Hundreds of kilometres of national and state highways in states like Maharashtra, Himachal, Uttarakhand, Rajasthan and others have turned into local, municipal or district roads, just a few days after a Supreme Court order banning liquor sale along highways.
Most states have not specified any reason for changing the categories and some have even denied that the step has been taken in view of the Supreme Court verdict.
Yet, most of the decisions have come in the wake of the March 31 order of the top court, lending it the shape of a nation-wide trend.
Last week, the Maharashtra government okayed proposals from three municipal corporations to classify highways passing through their areas to city roads, while Himachal Pradesh re-notified 16 state highways as major district roads (MDR).
Maharashtra state PWD Minister Chandrakant Patil said that the government had received proposals from Jalgaon, Latur and Yavatmal municipal corporations seeking de-notification of the highways which were okayed.
The West Bengal government declared around 275 km of state highways passing through various municipalities as 'arterial roads'.
The notification posted on the state PWD website on March 16, came in between the Supreme Court order on highway liquor ban on December 15, 2016, and its reaffirmation by the apex court on March 31.
The state government did not give any specific reason for the denotification which covers stretches along all the 16 state highways.
Uttarakhand took a similar decision with its cabinet allowing denotification of state highways located in the areas of local civic bodies and re-categorised them as other district roads saying highway specifications were coming in the way of their maintenance and expansion.
The argument did not cut ice with the opposition Congress which claimed it was just a "pretext" for helping liquor trade which is a major source of revenue.
Some road stretches were denotified in Rajasthan while the Punjab government also denotified the bypassed stretches of seven state highways and turned them into a part of the city roads.
Officials of both Punjab and Rajasthan governments said that the denotified roads were only bypassed stretches.
Meanwhile, in Goa, the Manohar Parrikar government faced heat from some opposition leaders who demanded that he come to the rescue of the tourism industry in the state.
The AAP demanded that the state government work towards getting state highways de-notified wherever legally feasible.
"India is a vast country...Goa is a tourist state, we need some relaxations. But I am not going to denotify highways," Parrikar had said at an event.

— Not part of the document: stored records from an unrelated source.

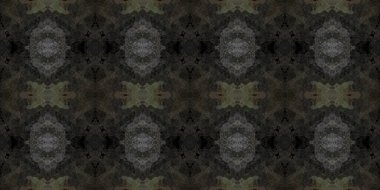 soyut grafik desen, kusursuz arkaplan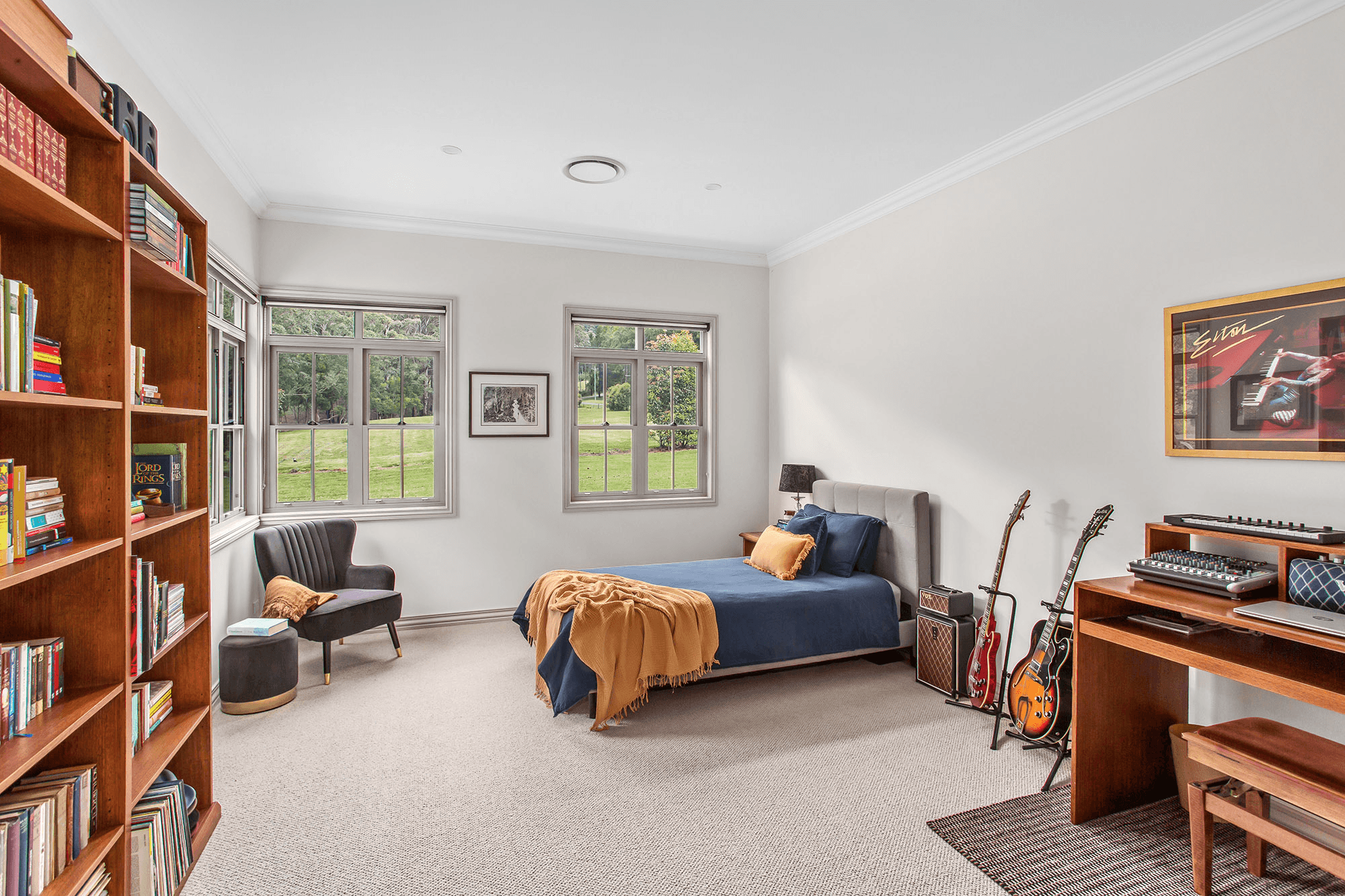 29 Marden Lane, KANGAROO VALLEY, NSW 2577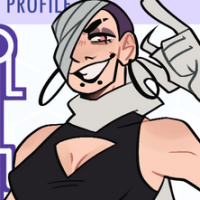 Thumbnail image for T-056: Lee
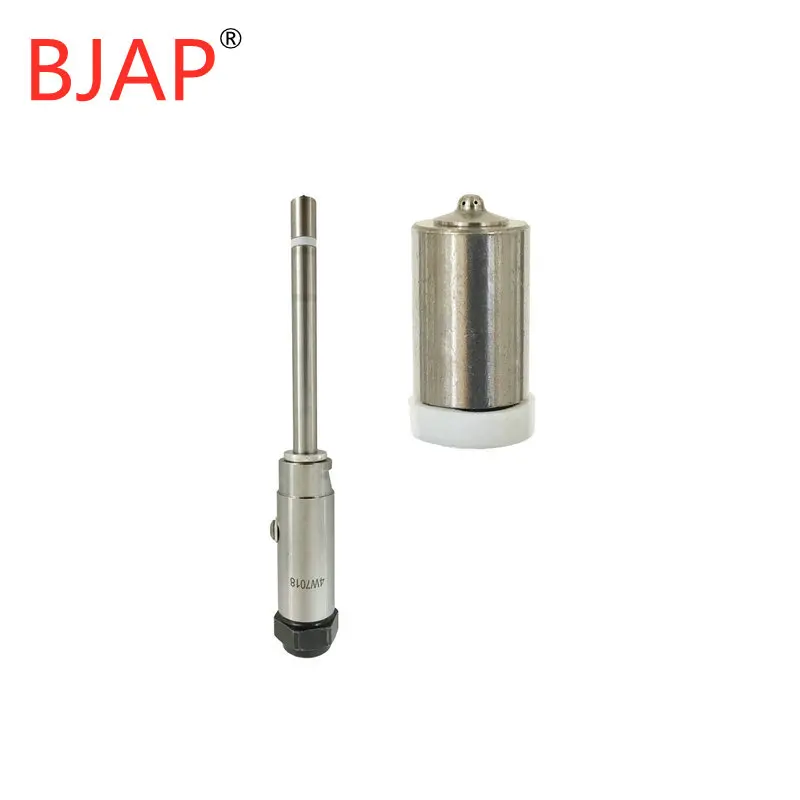 

High Quality Pencil Injector Nozzle Assembly 4W7018 OR3422 4W-7018 0R3422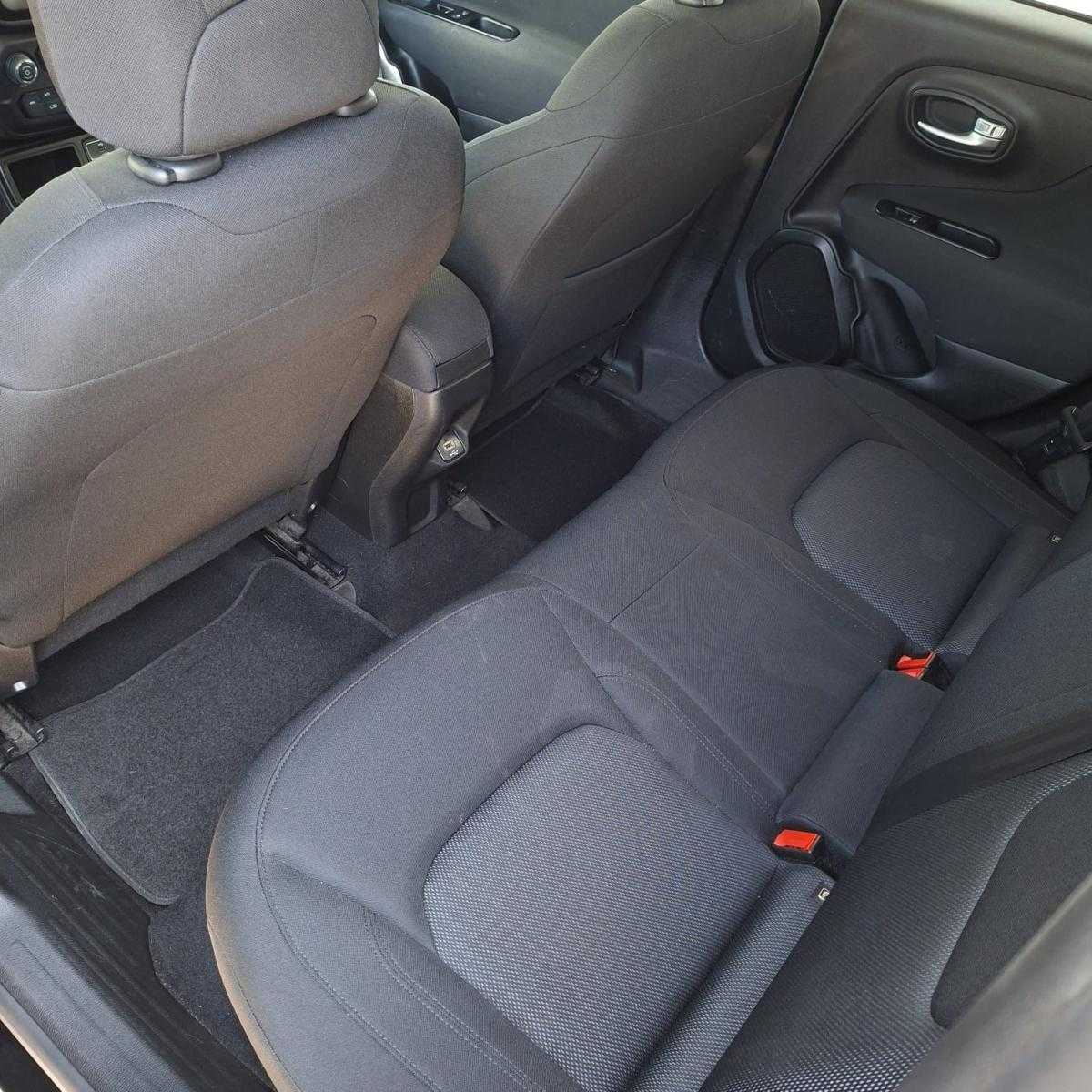 jeep-renegade-2020-gasolina-999cc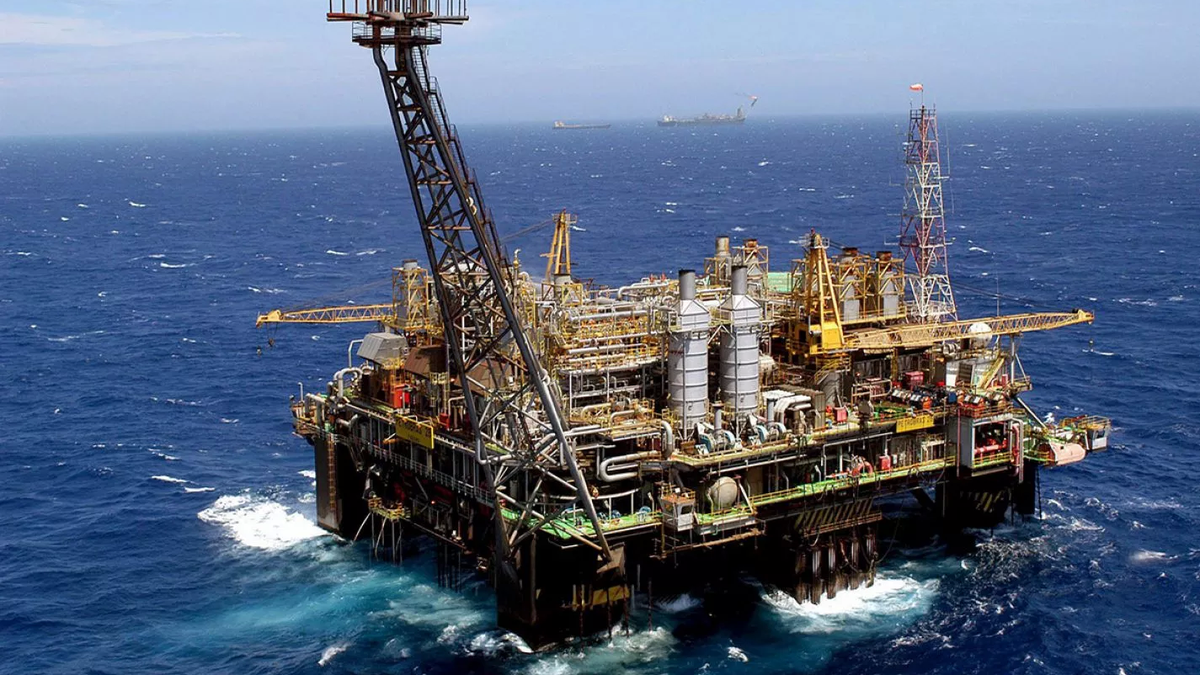 Petroleras en Malvinas: la Justicia mantiene la cautelar contra las empresas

Union road, transport and highways ministry officials in Delhi said they had received "several requests" from different states to convert National Highways to district roads apparently to protect revenues.
Officials said they had received peculiar requests to de-notify national highways at a time when the Centre plans to take the length of such roads to 2 lakh km from the existing about 1 lakh km.
The ministry has received a request in writing from the union territory of Daman to de-notify some of its NH stretches while other states also expressed interest but were yet to sent proposals in writing.
Meanwhile in several places people protested attempts to relocate liquor vends in their localities.
Following such protest, the Uttar Pradesh government said that it would not allow shops which are have to relocated following a Supreme Court order banning sale of liquor along highways to come up near religious places, schools or populated areas.
In Maharashtra, police had to foil a bid by anti-liquor activists to march towards residence of a minister. The activists alleged that he had played a role in the state government's move to denotify the highways.